How do all. It’s time for another spoilertastic look at The Legend of Korra, in this case episodes 4 and 5; The Voice in the Night and The Spirit of Competition.
There’s a lot to unpack in these episodes, particularly The Voice in the Night as the series really accelerates through its story set-up. Which is saying something.
I did enjoy The Voice in the Night though. A lot happens, and self-contained story it’s not, but it’s maybe the most character focused episode so far and raises a bunch of interesting questions. Finally, maybe most importantly, we get to see Korra with doubts. With fears. With weaknesses.

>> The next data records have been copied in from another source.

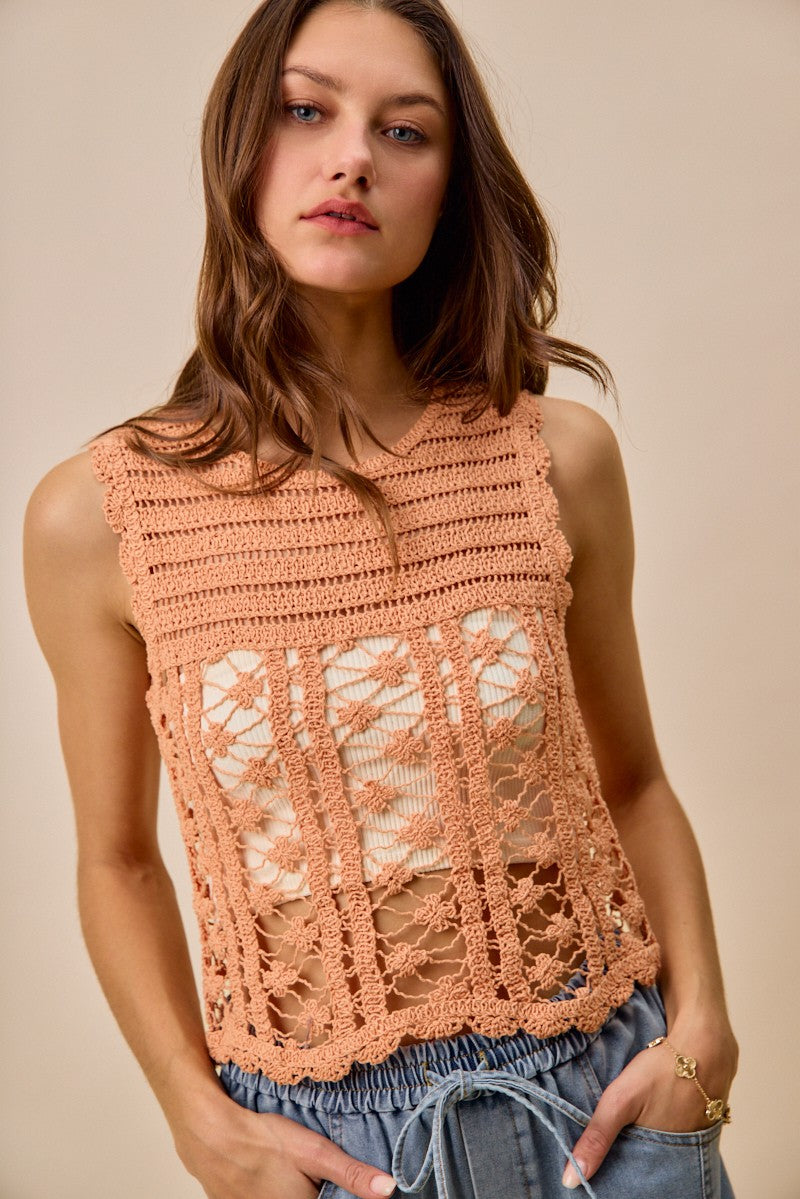 Peach crochet knitted lace sweater tank top by Trendsi, lightweight and stylish with intricate lace details, sleeveless design.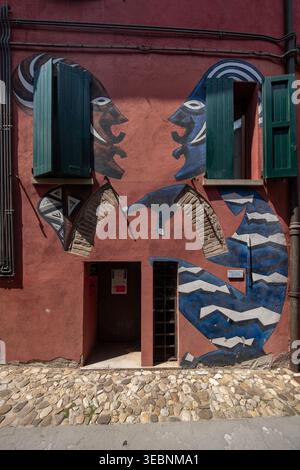 Bologna, Italien - 26. März 2022: Blick auf lebendige Straßenkunst mit zwei gegenüberliegenden Figuren auf einer strukturierten Wand, eingerahmt von offenen grünen Fensterläden und einem Stein Stockfoto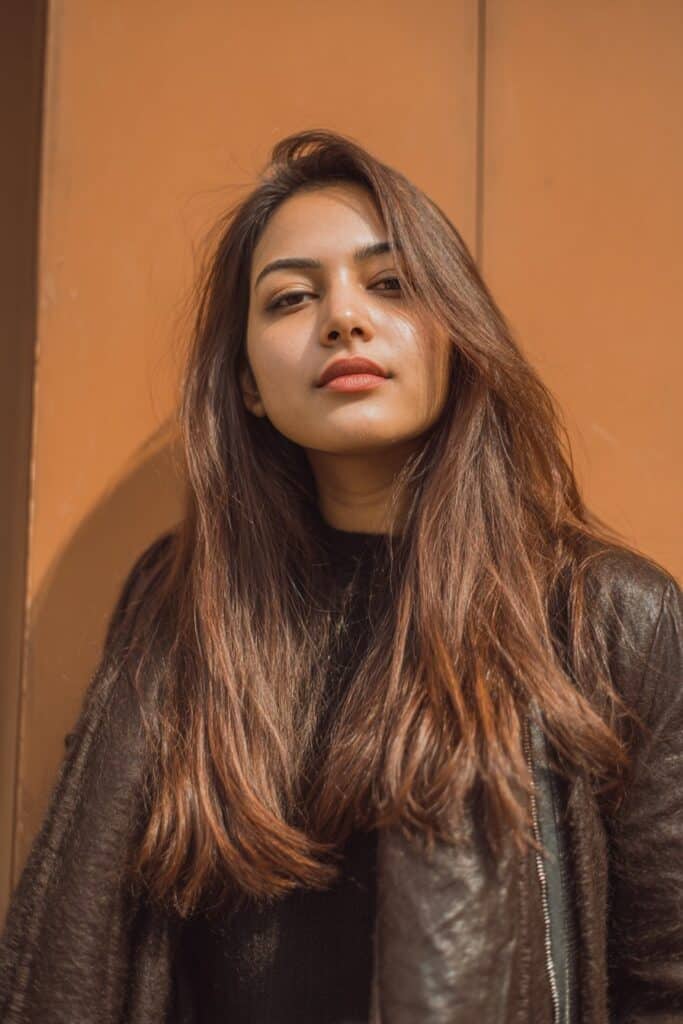 A stunning young woman in her 20s with natural skin tone, showcasing a Winter Hairstyle For Medium Length Hair featuring a sleek winter lob, with medium-length sleek lob with straight polished finish, captured in a close-up shot focusing on the hair, photographed against a seamless warm cinnamon backdrop with a silky finish. She has subtle makeup, a chic winter outfit, realistic hair texture, warm skin tone, and a confident expression, captured with soft natural lighting and an Instagram-style beauty vibe.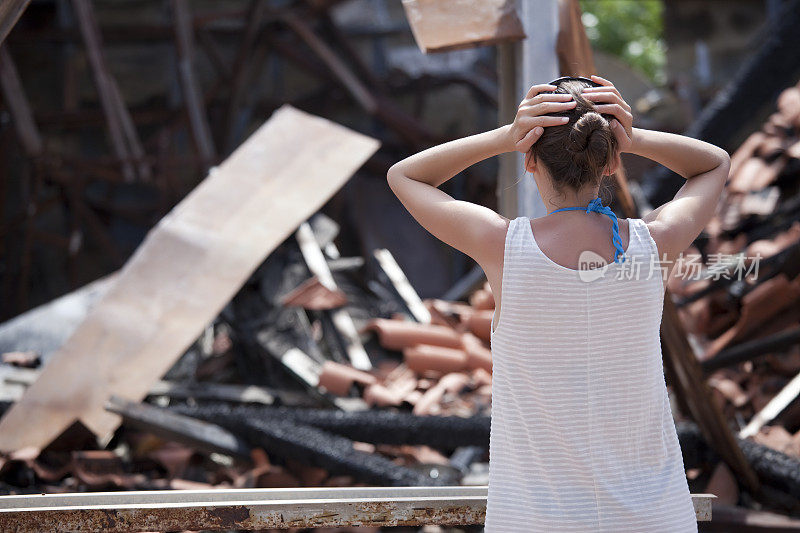 一个女人站在烧毁的房子前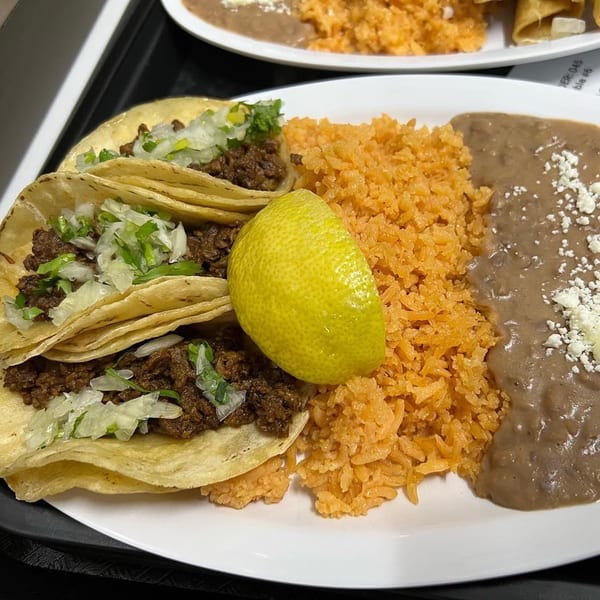 Three MLT tacos with meat, onions, and cilantro, served with rice, refried beans, and a lime.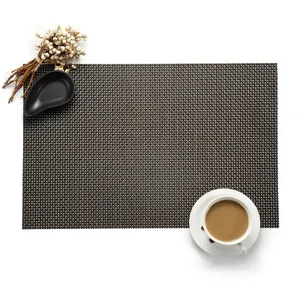 Cross-border PVC woven placemat, heat-insulating and waterproof rectangular table mat for dining.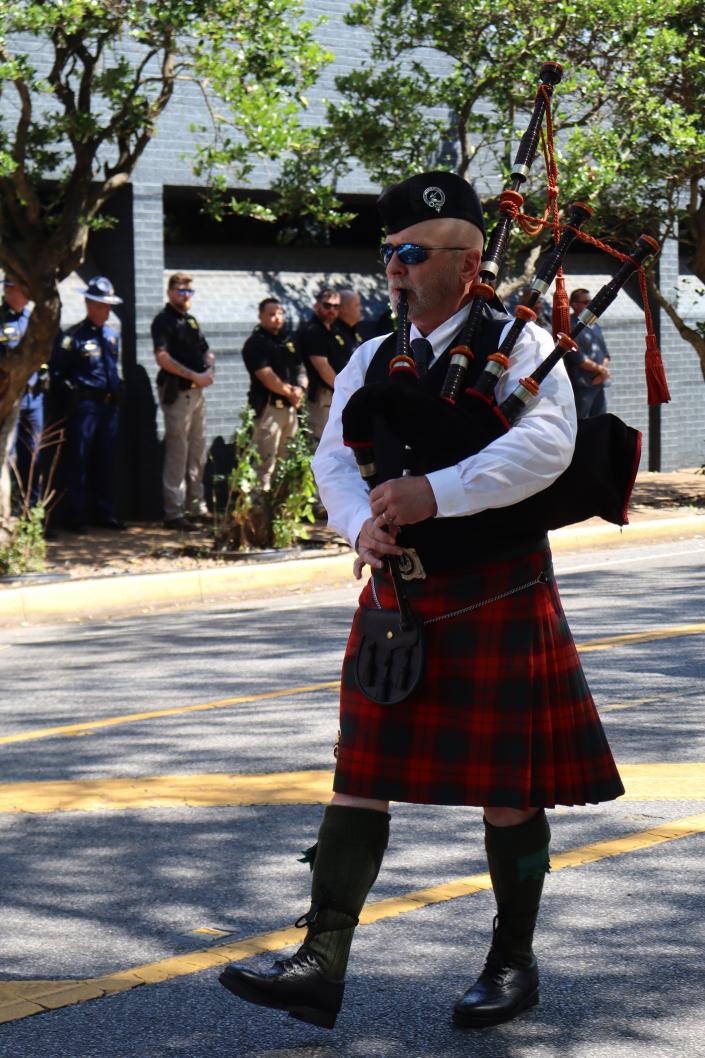 Bagpiper Neil Johnston walks down Murray Street while playing at the end of the 24th annual Law Enforcement Memorial in downtown Alexandria on Friday.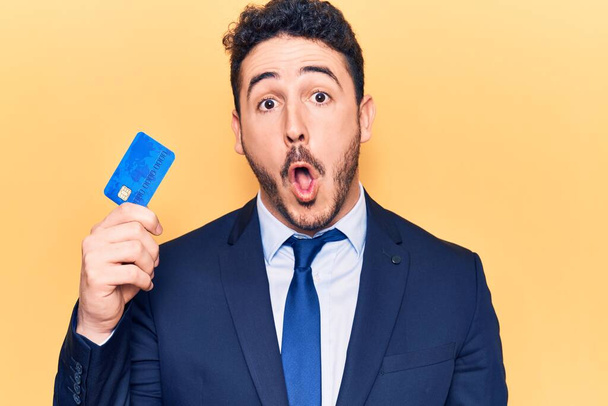 Jovem hispânico vestindo terno segurando cartão de crédito assustado e surpreso com a boca aberta para surpresa, rosto descrença  - Foto, Imagem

The actual arc of this – Tarrlok’s task force and goals, the underground chi-blocking academy – is whatever. Everything’s flowing so fast and I don’t get invested in things as a result. Tarrlok is too clearly a dick to to root for, not quite dickish enough to hate, and lacking a general intriguing quality to compensate for this. You can see the writers attempting to portray a more complex, more nuanced world than AtLA with a character like Tarrlok but complexity and nuance needs time to set up. Hopefully this is the set up for something else.
The Equalists are obviously a set up here but we are focused on the wrong things for my taste. There’s so much about how much power they’ve got and how dangerous they are, but where do they come from? What are the hopes and dreams of their members? Zuko was interesting because of his journey, not because he punched a lot of fire.
However – the raid on their academy and the way bending is used as a team – that’s cool. The way we see Korra forced to face her deepest fears – that she could in fact be ordinary and powerless – is cool. That she reacts to that fear with violence and aggression is a strong insight into her character. Her challenge to Amon, and his reaction, is in many ways a really good way of showing character and creating a personal bond between protagonist and antagonist – mostly. It also feels very much like something out of a Bond movie, or other such contributors ‘If I Were An Evil Overlord’. Which, in Bond movies, is fine! But in a show trying to persuade me of its complexity and nuance, there are some tonal dissonance issues. Which is a shame, as I thought this was otherwise a good episode until it screwed the ending.
There’s also a sideplot in which a very beautiful lady ploughs right into Mako on her motorbike, leading them to going on a date and Mako discovering she’s the daughter of Republic City’s biggest industrialist, who sponsors the Fire Ferrets. This leads direct into the next episode, The Spirit of Competition, which is built on two things.
- Having the sponsorship means the Fire Ferrets are in the big tournament, so lots of pro-bending
- Mako having a girlfriend leads to a love triangle where Bolin asks out Korra, but Korra wants Mako.
As such, there was such a very small chance of me liking the episode.
I don’t actually hate all love triangles. But I do dislike drama based on failures to communicate in stupid ways, and love triangles so frequently use that, that I have an instinctive mistrust. Lo and behold, seconds after asking out Mako and failing, Korra agrees to go out with Bolin because she’s all petulant about being rejected. Which of course all comes tumbling down – because Korra’s selfish and immature – which turns the previously awesome Fire Ferrets into awesomely bad. Fair dos to those who enjoy it, but I have nothing good to say about this as a type of story and there’s nothing in the execution that changes things in this case.
So let’s talk about the Pro-Bending. I criticised it in the last review and MD Presley made a good point about how the writers are trying to make a comparison between Martial Arts and MMA; between the spiritual disciplines of AtLA and the way these have been taken and rendered down into quick efficient brute force. It’s definitely what the writers are aiming for, and a great metaphor for how AtLA’s world has advanced. And to a certain extent it works. But it also doesn’t look too great. However, the big thing I picked at – the lack of teamwork – is rectified a little here. It plays a part. You occasionally see them defending each other. I do think they could go a lot further in terms of showing teamwork, do some big shiny co-ordinated attacks and defences. I compare it to the bending fights in AtLA and its not favourable. But there’s some good stuff going on.
Good stuff going on in not quite compelling circumstances is a good summation of these two episodes of The Legend of Korra. Some of this is very subjective – not everyone hates love triangles like me – but I think the sheer amount of stuff going on and the pace of the plot is a semi-objective thing. Now, I’ve only just realised that the season is 12 episodes long rather than 20, so maybe this is why it all feels rushed. The writers should adjust to that though, shouldn’t they?
Still, I am curious about what’s going on. We’ll see where it goes.